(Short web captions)
-- Opening Marker --

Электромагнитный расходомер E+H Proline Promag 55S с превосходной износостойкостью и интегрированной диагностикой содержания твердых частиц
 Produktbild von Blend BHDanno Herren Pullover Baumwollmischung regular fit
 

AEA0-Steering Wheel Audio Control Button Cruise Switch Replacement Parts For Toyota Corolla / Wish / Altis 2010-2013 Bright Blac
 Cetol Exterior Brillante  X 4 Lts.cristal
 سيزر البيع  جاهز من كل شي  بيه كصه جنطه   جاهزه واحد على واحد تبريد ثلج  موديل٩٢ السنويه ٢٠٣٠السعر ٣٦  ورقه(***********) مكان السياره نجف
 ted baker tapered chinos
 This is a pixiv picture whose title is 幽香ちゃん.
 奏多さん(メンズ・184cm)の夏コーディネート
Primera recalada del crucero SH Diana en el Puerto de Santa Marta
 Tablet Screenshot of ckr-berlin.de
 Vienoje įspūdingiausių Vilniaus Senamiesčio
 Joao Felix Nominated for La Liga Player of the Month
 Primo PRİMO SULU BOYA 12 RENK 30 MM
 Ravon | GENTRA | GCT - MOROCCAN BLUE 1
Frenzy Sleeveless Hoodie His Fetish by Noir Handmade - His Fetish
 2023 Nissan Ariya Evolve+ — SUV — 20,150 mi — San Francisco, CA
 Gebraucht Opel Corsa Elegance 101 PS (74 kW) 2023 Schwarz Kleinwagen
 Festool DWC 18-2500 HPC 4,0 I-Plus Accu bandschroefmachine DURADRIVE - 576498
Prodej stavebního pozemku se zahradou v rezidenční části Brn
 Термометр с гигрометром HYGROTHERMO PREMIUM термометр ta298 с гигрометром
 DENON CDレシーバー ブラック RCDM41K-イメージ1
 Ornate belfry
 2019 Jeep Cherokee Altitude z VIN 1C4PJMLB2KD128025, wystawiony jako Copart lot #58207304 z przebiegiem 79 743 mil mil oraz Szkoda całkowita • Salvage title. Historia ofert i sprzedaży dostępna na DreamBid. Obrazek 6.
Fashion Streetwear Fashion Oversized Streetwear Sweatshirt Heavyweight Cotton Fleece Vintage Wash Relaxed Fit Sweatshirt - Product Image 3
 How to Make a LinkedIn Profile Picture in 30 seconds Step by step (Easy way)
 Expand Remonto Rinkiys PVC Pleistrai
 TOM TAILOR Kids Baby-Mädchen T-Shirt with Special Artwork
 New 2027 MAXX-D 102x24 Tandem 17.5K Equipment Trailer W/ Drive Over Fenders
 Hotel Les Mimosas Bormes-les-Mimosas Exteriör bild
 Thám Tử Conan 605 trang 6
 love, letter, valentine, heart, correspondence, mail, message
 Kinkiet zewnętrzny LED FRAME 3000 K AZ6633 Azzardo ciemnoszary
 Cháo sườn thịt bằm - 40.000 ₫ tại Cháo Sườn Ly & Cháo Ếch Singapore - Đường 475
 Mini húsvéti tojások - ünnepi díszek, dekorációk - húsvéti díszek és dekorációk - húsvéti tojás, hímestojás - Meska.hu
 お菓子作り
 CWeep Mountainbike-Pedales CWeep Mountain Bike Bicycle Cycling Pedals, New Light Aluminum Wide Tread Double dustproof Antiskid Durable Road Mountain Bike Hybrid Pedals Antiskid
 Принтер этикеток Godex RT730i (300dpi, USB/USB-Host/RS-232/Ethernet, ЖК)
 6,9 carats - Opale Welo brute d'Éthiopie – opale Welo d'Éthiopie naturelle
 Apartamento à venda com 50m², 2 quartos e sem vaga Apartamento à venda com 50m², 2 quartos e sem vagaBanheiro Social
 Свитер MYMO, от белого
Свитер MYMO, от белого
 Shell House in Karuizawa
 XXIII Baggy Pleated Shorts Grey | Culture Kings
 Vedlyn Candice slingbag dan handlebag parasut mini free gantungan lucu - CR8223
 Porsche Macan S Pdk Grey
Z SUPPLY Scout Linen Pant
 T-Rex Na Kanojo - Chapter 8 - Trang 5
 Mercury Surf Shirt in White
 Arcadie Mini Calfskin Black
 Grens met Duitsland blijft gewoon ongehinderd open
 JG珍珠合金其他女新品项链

-- Closing Marker --

## EXERCISE DETAILS
Your answer must consist of every line above, reproduced exactly.

## WRITTEN SOLUTION
Электромагнитный расходомер E+H Proline Promag 55S с превосходной износостойкостью и интегрированной диагностикой содержания твердых частиц
 Produktbild von Blend BHDanno Herren Pullover Baumwollmischung regular fit
 

AEA0-Steering Wheel Audio Control Button Cruise Switch Replacement Parts For Toyota Corolla / Wish / Altis 2010-2013 Bright Blac
 Cetol Exterior Brillante  X 4 Lts.cristal
 سيزر البيع  جاهز من كل شي  بيه كصه جنطه   جاهزه واحد على واحد تبريد ثلج  موديل٩٢ السنويه ٢٠٣٠السعر ٣٦  ورقه(***********) مكان السياره نجف
 ted baker tapered chinos
 This is a pixiv picture whose title is 幽香ちゃん.
 奏多さん(メンズ・184cm)の夏コーディネート
Primera recalada del crucero SH Diana en el Puerto de Santa Marta
 Tablet Screenshot of ckr-berlin.de
 Vienoje įspūdingiausių Vilniaus Senamiesčio
 Joao Felix Nominated for La Liga Player of the Month
 Primo PRİMO SULU BOYA 12 RENK 30 MM
 Ravon | GENTRA | GCT - MOROCCAN BLUE 1
Frenzy Sleeveless Hoodie His Fetish by Noir Handmade - His Fetish
 2023 Nissan Ariya Evolve+ — SUV — 20,150 mi — San Francisco, CA
 Gebraucht Opel Corsa Elegance 101 PS (74 kW) 2023 Schwarz Kleinwagen
 Festool DWC 18-2500 HPC 4,0 I-Plus Accu bandschroefmachine DURADRIVE - 576498
Prodej stavebního pozemku se zahradou v rezidenční části Brn
 Термометр с гигрометром HYGROTHERMO PREMIUM термометр ta298 с гигрометром
 DENON CDレシーバー ブラック RCDM41K-イメージ1
 Ornate belfry
 2019 Jeep Cherokee Altitude z VIN 1C4PJMLB2KD128025, wystawiony jako Copart lot #58207304 z przebiegiem 79 743 mil mil oraz Szkoda całkowita • Salvage title. Historia ofert i sprzedaży dostępna na DreamBid. Obrazek 6.
Fashion Streetwear Fashion Oversized Streetwear Sweatshirt Heavyweight Cotton Fleece Vintage Wash Relaxed Fit Sweatshirt - Product Image 3
 How to Make a LinkedIn Profile Picture in 30 seconds Step by step (Easy way)
 Expand Remonto Rinkiys PVC Pleistrai
 TOM TAILOR Kids Baby-Mädchen T-Shirt with Special Artwork
 New 2027 MAXX-D 102x24 Tandem 17.5K Equipment Trailer W/ Drive Over Fenders
 Hotel Les Mimosas Bormes-les-Mimosas Exteriör bild
 Thám Tử Conan 605 trang 6
 love, letter, valentine, heart, correspondence, mail, message
 Kinkiet zewnętrzny LED FRAME 3000 K AZ6633 Azzardo ciemnoszary
 Cháo sườn thịt bằm - 40.000 ₫ tại Cháo Sườn Ly & Cháo Ếch Singapore - Đường 475
 Mini húsvéti tojások - ünnepi díszek, dekorációk - húsvéti díszek és dekorációk - húsvéti tojás, hímestojás - Meska.hu
 お菓子作り
 CWeep Mountainbike-Pedales CWeep Mountain Bike Bicycle Cycling Pedals, New Light Aluminum Wide Tread Double dustproof Antiskid Durable Road Mountain Bike Hybrid Pedals Antiskid
 Принтер этикеток Godex RT730i (300dpi, USB/USB-Host/RS-232/Ethernet, ЖК)
 6,9 carats - Opale Welo brute d'Éthiopie – opale Welo d'Éthiopie naturelle
 Apartamento à venda com 50m², 2 quartos e sem vaga Apartamento à venda com 50m², 2 quartos e sem vagaBanheiro Social
 Свитер MYMO, от белого
Свитер MYMO, от белого
 Shell House in Karuizawa
 XXIII Baggy Pleated Shorts Grey | Culture Kings
 Vedlyn Candice slingbag dan handlebag parasut mini free gantungan lucu - CR8223
 Porsche Macan S Pdk Grey
Z SUPPLY Scout Linen Pant
 T-Rex Na Kanojo - Chapter 8 - Trang 5
 Mercury Surf Shirt in White
 Arcadie Mini Calfskin Black
 Grens met Duitsland blijft gewoon ongehinderd open
 JG珍珠合金其他女新品项链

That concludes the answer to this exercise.